# Exercise:
Lines of the material that include the string "WiFi" should be returned.

▬▬▬▬▬▬

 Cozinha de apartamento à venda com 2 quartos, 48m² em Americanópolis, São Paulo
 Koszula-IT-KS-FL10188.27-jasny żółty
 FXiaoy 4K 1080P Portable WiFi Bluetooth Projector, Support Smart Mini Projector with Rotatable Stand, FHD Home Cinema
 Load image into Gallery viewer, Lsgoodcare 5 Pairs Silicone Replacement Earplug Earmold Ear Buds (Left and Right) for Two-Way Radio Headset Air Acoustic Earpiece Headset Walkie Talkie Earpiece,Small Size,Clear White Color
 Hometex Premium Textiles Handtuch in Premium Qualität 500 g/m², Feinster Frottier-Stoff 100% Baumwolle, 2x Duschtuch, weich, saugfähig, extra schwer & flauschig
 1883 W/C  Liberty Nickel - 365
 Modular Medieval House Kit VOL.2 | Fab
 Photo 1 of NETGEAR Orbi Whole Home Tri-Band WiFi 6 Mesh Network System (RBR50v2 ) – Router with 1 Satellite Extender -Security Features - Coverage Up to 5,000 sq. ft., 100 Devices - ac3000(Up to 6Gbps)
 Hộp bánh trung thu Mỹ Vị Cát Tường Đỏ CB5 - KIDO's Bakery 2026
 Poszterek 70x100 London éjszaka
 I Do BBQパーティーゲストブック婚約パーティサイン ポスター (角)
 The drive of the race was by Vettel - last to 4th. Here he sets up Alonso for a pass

▬▬▬▬▬▬

# Output for this exercise:
 FXiaoy 4K 1080P Portable WiFi Bluetooth Projector, Support Smart Mini Projector with Rotatable Stand, FHD Home Cinema
 Photo 1 of NETGEAR Orbi Whole Home Tri-Band WiFi 6 Mesh Network System (RBR50v2 ) – Router with 1 Satellite Extender -Security Features - Coverage Up to 5,000 sq. ft., 100 Devices - ac3000(Up to 6Gbps)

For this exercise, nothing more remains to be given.